Viewing modes

Single slice is a cross-sectional view of the XRH image stack along a selected plane.

XRH datasets are normally oriented (resliced) in a way that a scroll through the stack along the XY plane emulates the physical histology slicing of the tissue. This way, any XY single slice through the image stack (blue plane in the image below) is parallel to the histology cassette (when applicable) and the XY slice-scroll runs from the wax-block's surface towards the cassette (similarly to the knife on physical sectioning).

Orthogonal to the XY plane are the XZ and YZ planes (red and green planes in the image). XY, XZ and YZ are also referred to as orthogonal planes or ortho-planes.

μCT slices are single channel images, which usually represents intensity value of the captured signal. Although μCT slices are greyscale, false colouring can be applied through look up tables.

Dimensions

• Single voxel: Depending on the acquisition, reconstruction and/or processing method, voxels in μCT images can be isotropic (x = y = z) or anisotropic (x ≠ y ≠ z). Unless otherwise stated, XRH voxels should be considered isotropic.

• Single slice: In a X x Y x Z volume, each slice is represented by X x Y voxels. For a voxel size = n (μm), due to the isotropicity of the voxels each slice's dimensions are: Xxn x Yxn x 1xn

Thick slice is a 2D viewing mode that allows rendering of the voxel intensity of multiple consecutive slices of a slice-stack onto a single slice, based on specific criteria or operations. A thick slice image represents the result of these criteria or operations.

A thick slice can be generated by applying any of the following projection methods across a pre-selected number of slices (n), which defines the slice thickness.

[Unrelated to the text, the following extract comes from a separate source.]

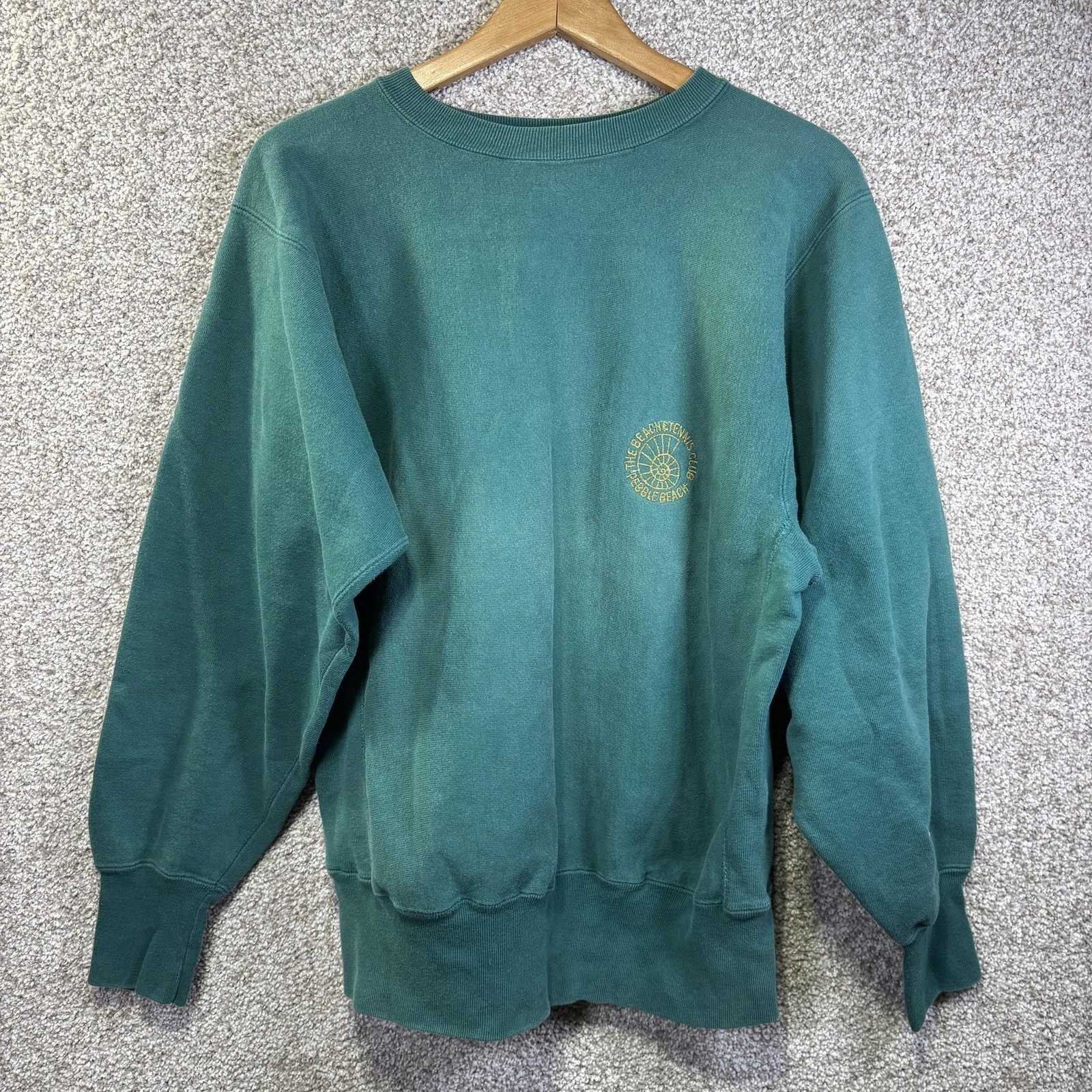 Vintage Champion Sweatshirt Mens Large Green Reverse Weave Pebble Beach 80s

• Maximum Intensity Projection (MIP) - MIP analyses each x, y voxel in the image across n slices (x,y,1 , x,y,2 , ... , x,y,n) along the z-axis and renders the voxel with the maximum value onto the viewing plane.

• Average Intensity Projection (Avg) - Avg analyses each x, y voxel in the image across n slices (x,y,1 , x,y,2 , ... , x,y,n) along the z-axis and rendered the average value of those voxels onto the viewing plane.

• Sum - Sum analyses each x, y voxel in the image across n slices (x,y,1 , x,y,2 , ... , x,y,n) along the z-axis and rendered the sum of the value of those voxels onto the viewing plane.

Thick slice mode is also referred to as Z-projection (Fiji) or Slab view (Dragonfly)

Thick slice roll is a 2D thick slice rendering that allows rolling of a pre-selected number of slices (n) along the z-axis of the stack. A single thick slice roll is accomplished by adding +1 slice to the first and n-th element of the first thick slice and reapplying the criteria or operations to the new thick slice.

Thick slice roll can be saved as a video file or image stack for interactive viewing of the data.

Example:

Assume an image stack containing 500 slices, and a user-defined thick slice thickness of 20 slices. The criterion the user has selected is MIP and the user is after a thick slice roll. In this case:

• the first thick slice stack image will be a MIP projection of slices 1-20

• the second one a MIP projection of slices 2-21,

• ..., and

• the last image will be a MIP of 481-500

consequently the 20x thick slice image stack will contain: 500-20 =480 thick slices.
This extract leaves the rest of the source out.